Artist information
I was lucky enough to grow up in rural Devon, equidistant between moorland and coast. Weekends were spent visiting stone rows, circles and standing stones and holidays were spent on the south coast, beach combing and pebble collecting. During my degree in Fine Art I specialised in collaborative, community projects and public art which led naturally to my role at Oxford Botanic Garden as Education Officer. After many happy years amongst the beautiful biodiversity of the world I returned to my own art practice and teaching art in various settings. I now teach at Oxfordshire hospital schools, the Earth Trust and Sunningwell School of Art. I enjoy working with children, families and adults with learning disabilities as well as getting involved with community projects. I am a member of Abingdon Artists and also help out at Tamar Valley Vineyard, our family vineyard in Devon. I am a firm believer in drawing from direct observation, so you can often find me sketching in one of Oxford’s museums or whilst out and about with my family.
Exhibition information
Emma uses the early Victorian photographic process of cyanotypes to create the base of her artworks.
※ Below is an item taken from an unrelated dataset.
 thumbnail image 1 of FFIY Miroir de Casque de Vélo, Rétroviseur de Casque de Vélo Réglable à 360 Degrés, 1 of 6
The results are stunning Prussian blue and white images of radiating patterns. To these she adds layers of pen and coloured inks. The patterns that she adorns her artworks with are drawn from archaeological artefacts and sites from around the world and throughout history. Recently she has delved into images of the electron scanning microscope to draw images that appear alien and other worldly. Emma ‘s first love was textiles and surface pattern design. Her images reflect that love of colour, pattern, abstraction and texture. She feels that she is mining history and modern science in order to understand a long-lost visual language of spirals, dots and labyrinths and pollen grains to create her own language which communicates and is understood on an instinctive human level.